1. People make decisions very quickly -- like often in under a second.
2. These decisions are very powerful. 2a. Powerful in terms of accurately deducing things, and/or 2b. Powerfully emotional in how it sways you (not always in good ways!)
3. You can have some success in retraining your fast decision making.
This may seem slight, but I think these three main points are not necessarily obvious and are probably true. I've taken advantage of these by, for example, researching different mobile phones a bunch but consciously not making a decision until I walked into the store and I had a powerful interest in one of them on the shelf. That turned out to be the right answer for me.
I’m always down to read an authors interpretation or experience with the concepts… but I’d be lying if I said I haven’t found it harder and harder to push through.
You’re totally on point though. A lot of things are simple and obvious but only when noticed or in hindsight.

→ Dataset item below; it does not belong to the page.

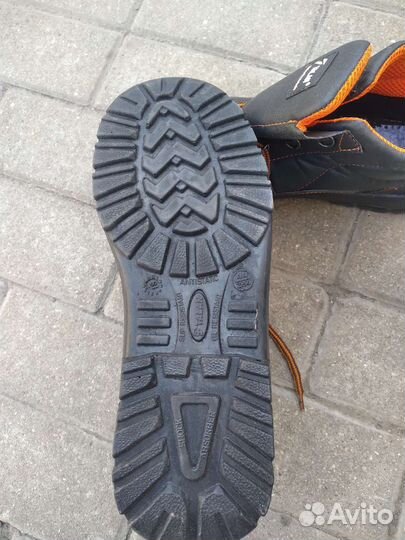 Ботинки рабочие 44 размер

Admittedly I did not finish the book so point 3 does seem valuable to me in a way I probably under-appreciated.
Picking some examples where people made split second decisions that are correct is so silly it’s weird that the book even exists much less is a bestseller. It’s basic premise is that people make split second decisions but never goes into whether these are correct or incorrect.
So it boils down to “sometimes people choose right” as it that was somehow novel or useful.
He’s a fun storyteller but dangerous when people believe and make decisions based on his writings.